Dementia will not go away. Ultimately most of us will need In-Home Professional Care, Assisted Living or Nursing Home Care. The first way to insulate us from the cost is to work whatever programs available while in the Early Stage of Dementia to prolong that Early Stage.
Prolonging Early stage produces saving on the Cost of Care all the way around. It also enhances the quality of life of the one afflicted and the affected around him/her.
We need to find Economy in the Cost of Care when it comes time for In-Home Professional Care, Assisted Living or Nursing Home Care. The current way of doing it is far too costly. We must look for and put together a less expensive way of doing it.
Currently 65% of the Assisted Living and Nursing Home Care facilities are owned by for-profit Corporations. For supposed economy they are built large, services are made uniform; one model fits all, what I like to call homogenization. They are Big Box, too many are the profit making creatures of Wall Street, too often sold with subsidy obtained by lobbyists working government.
Once formulated they are then commission sold, marketed as investment packages and marketed as investment throughout the county. They have financial aid in place to build large and expensive infrastructure for which fees are paid lawyers, salaries, commissions or cuts to building contractors, organizers, building and management consultants, land acquisition that turns profit in a variety of ways, all of which is absorbed in the cost of acquisition and as development fees.

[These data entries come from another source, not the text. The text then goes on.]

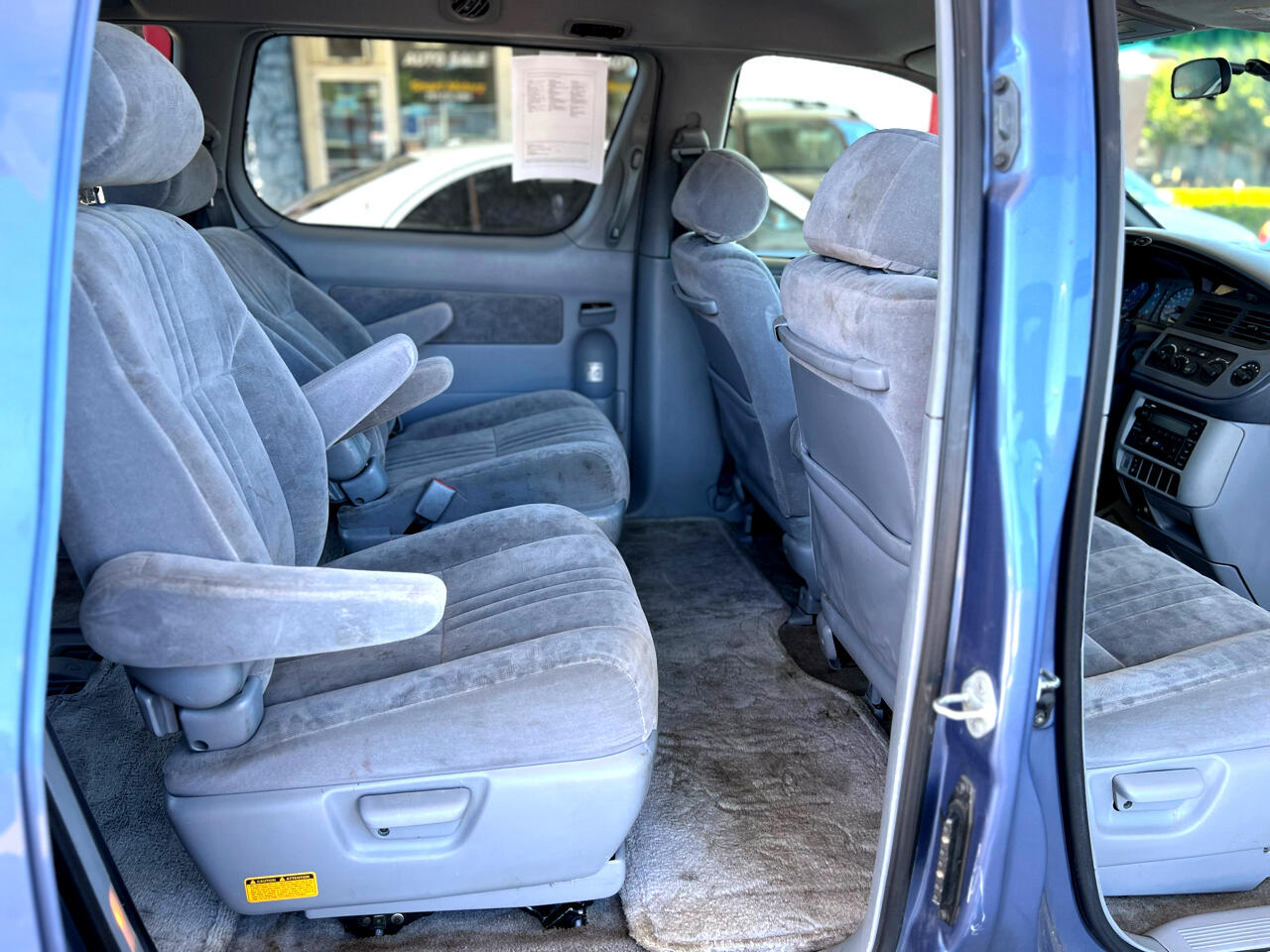 Toyota Sienna LE 2001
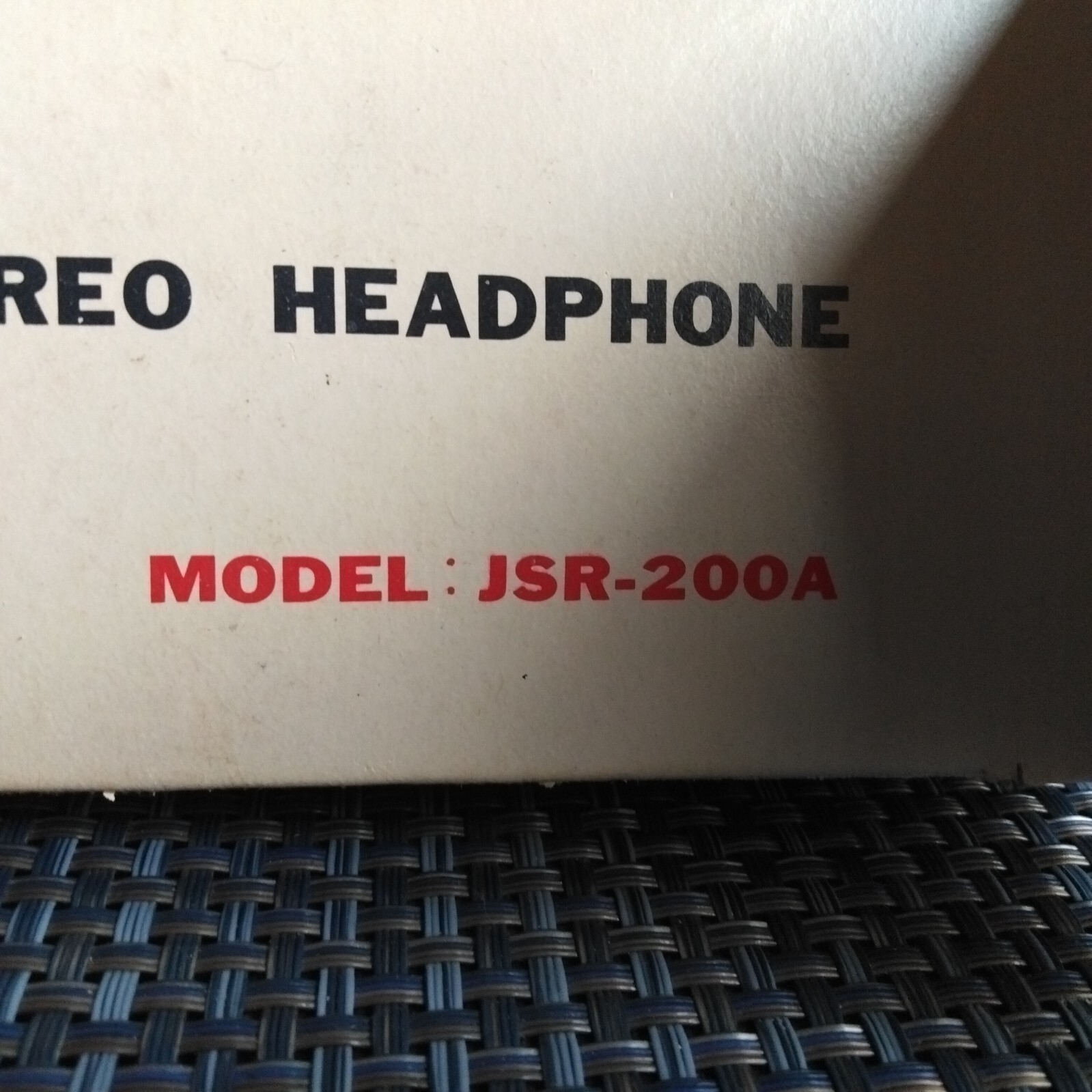 JSR -200A Stereo Headphones original box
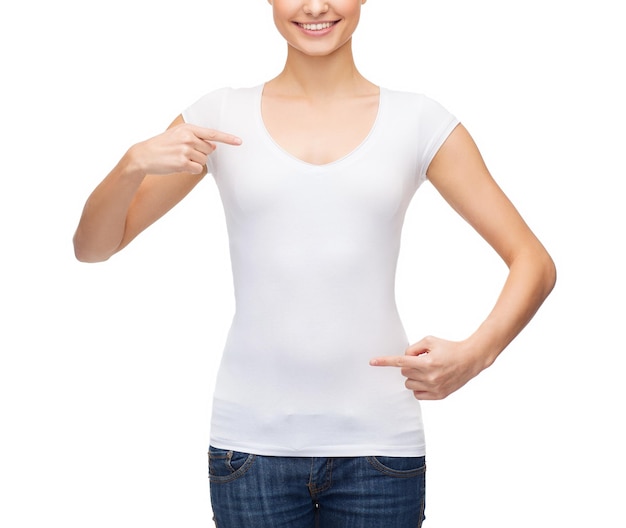 concetto di design t-shirt - donna sorridente in t-shirt bianca vuota che punta il dito contro se stessa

All of the money is leveraged in by the speculators forming each system. That money is borrowed by the speculators, taken as investments in marketable chits of one kind or another, or received as subsidy from government. It is a much longer list but starts with the above.

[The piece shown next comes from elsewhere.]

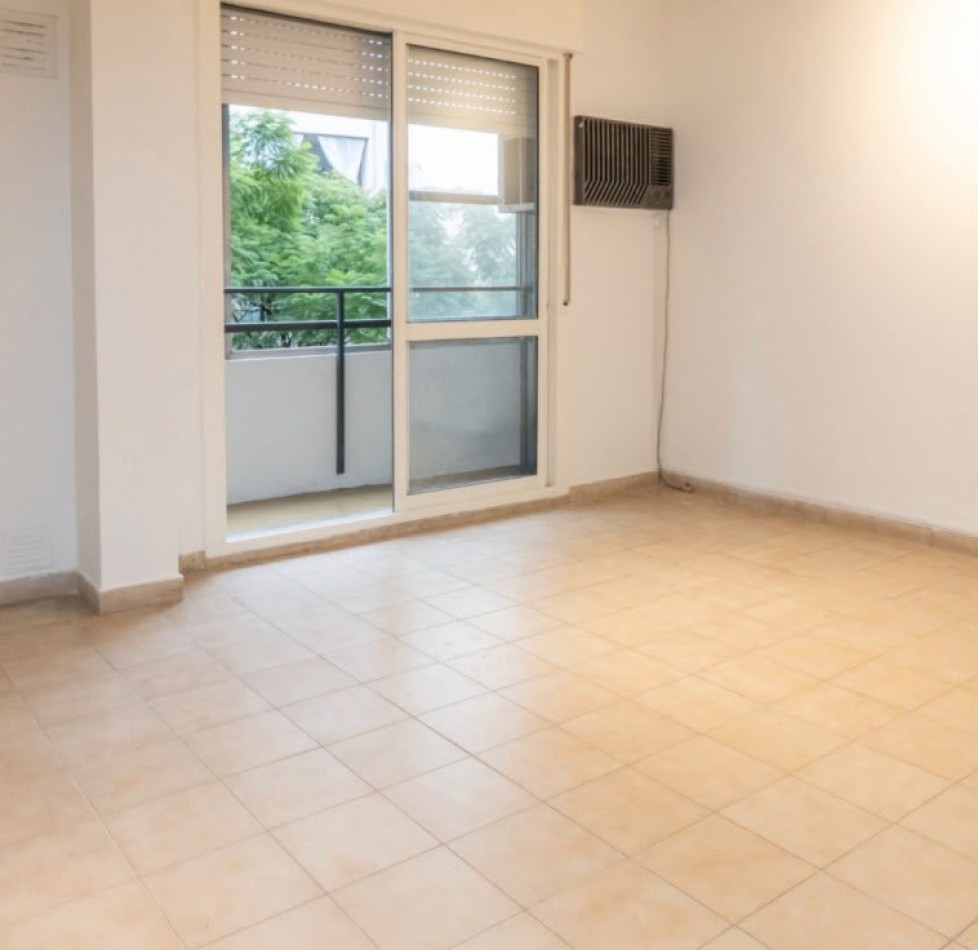 OPORTUNIDAD. Depto 3 Dormitorios en pleno centro EN VENTA. San lorenzo 1700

Each step of income is accompanied by a step of outgo as salaries, fees, commissions, and a whole variety of vehicles used as return to the organizers and developers. The repayment of all of this is leveraged down to the ultimate operator and people served.
The people served are us.
The end result of this leaves the operator short of money after payment for services for operation and providing the services paid for. The fees for service are high, the return on the high fees paid for service are negligible.
It comes down to this proposition. We can’t afford to pay the going rate. If we do, too much of the percentage of what we pay goes to payment of return on investment and not to operation and service.
This is the reason we need to re-invent this wheel. It is this that needs a new design. I will in subsequent posts discuss ways that might be considered.
The field of Long Term Health Care readily evidences the fault of capitalism let loose to run wild. There is just too much profit for too little service. We need to devise a way to help one another as make a profit off one another.
The balance is gone that once protected everyone in our capitalistic system. The system has been rigged where one segment has the advantage over all the other segments. We are not protected from the imbalance of the system according the rich the ability to take more at our expense.
It is done at the expense of helping one another that is not now being done.